Examples of the occurrence of the first question include electronic voting systems and also the use of digital signatures. In e-voting, a machine needs to be used to capture the intent of a voter in the form of a ballot. This might be the voter's personal computer in remote voting scenarios or a so-called direct recording electronic (DRE) machine in a polling station. Usually the machine encrypts the voter's ballot, but this needs to be verified by the voter in end-to-end verifiable voting systems (a widely accepted security requirement for voting systems). The current solution is for the voter to challenge the machine several times to get confidence in its behaviour, and for the systems to achieve verifiability, these challenges need to be unpredictable for the machine. It is well known that humans are not good at producing unpredictable decisions (to challenge or not to challenge). Hence, the question remains an open problem.

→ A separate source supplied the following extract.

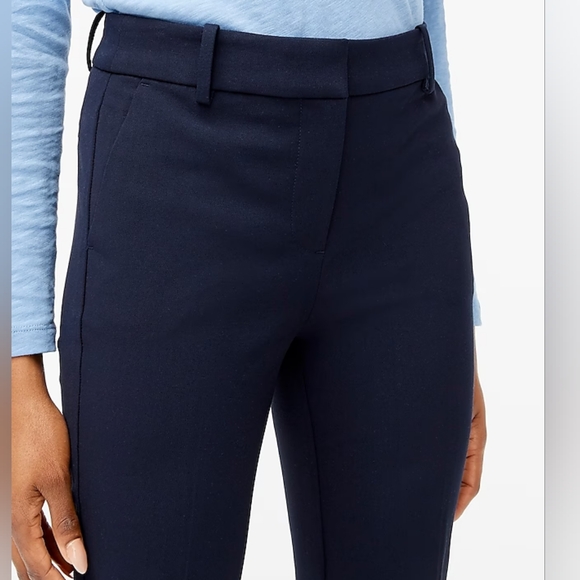 J.Crew Full-length Ruby Pant in Stretch Twill - Picture 3 of 9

In the use of digital signatures, especially in light of recent developments making digital signatures legally binding, a similar open problem is acknowledged by the security community and has been named "What You See Is What You Sign" or WYSIWYS for short.
Examples of the occurrence of the second question include end-to-end encrypted instant messaging, web of trust, and again electronic voting. In end-to-end encrypted instant messaging protocols such as Signal (deployed widely, e.g. in WhatsApp, Facebook Messenger, and Google Allo), a crucial step to detect person-in-the-middle attacks is to verify that both user devices have the same cryptographic keys, and this is done by presenting the users with a digest (cryptographic hash) of the keys and asking them to compare them manually. The reason behind this choice is that currently there is no technical solution to prevent or detect such attacks without involving humans or having to trust a third device. A similar open problem exists in end-to-end verifiable electronic voting where a voter is asked to compare the information on a "ballot casting receipt" (provided after casting a ballot as the name suggests) with similar information appearing on a "bulletin board", a trusted public ledger including the definitive list of ballots. This is required to ensure that the voter's ballot has gone through the e-voting system unmodified. The information on the receipt usually includes a cryptographic digest of the encrypted ballot. Again it is well known that humans are not good at comparing random strings, but this is the best solution available for an open problem.
Tackling these questions requires knowledge of cryptographic protocols and the security requirements in such scenarios on the one hand, and studying human behaviour interacting with machines and codes on the other. Building on these two sources of knowledge together would provide the required toolbox to design usable and secure solutions to such general and reoccurring problems in the cross-section of the fields of cyber security and human-computer interaction.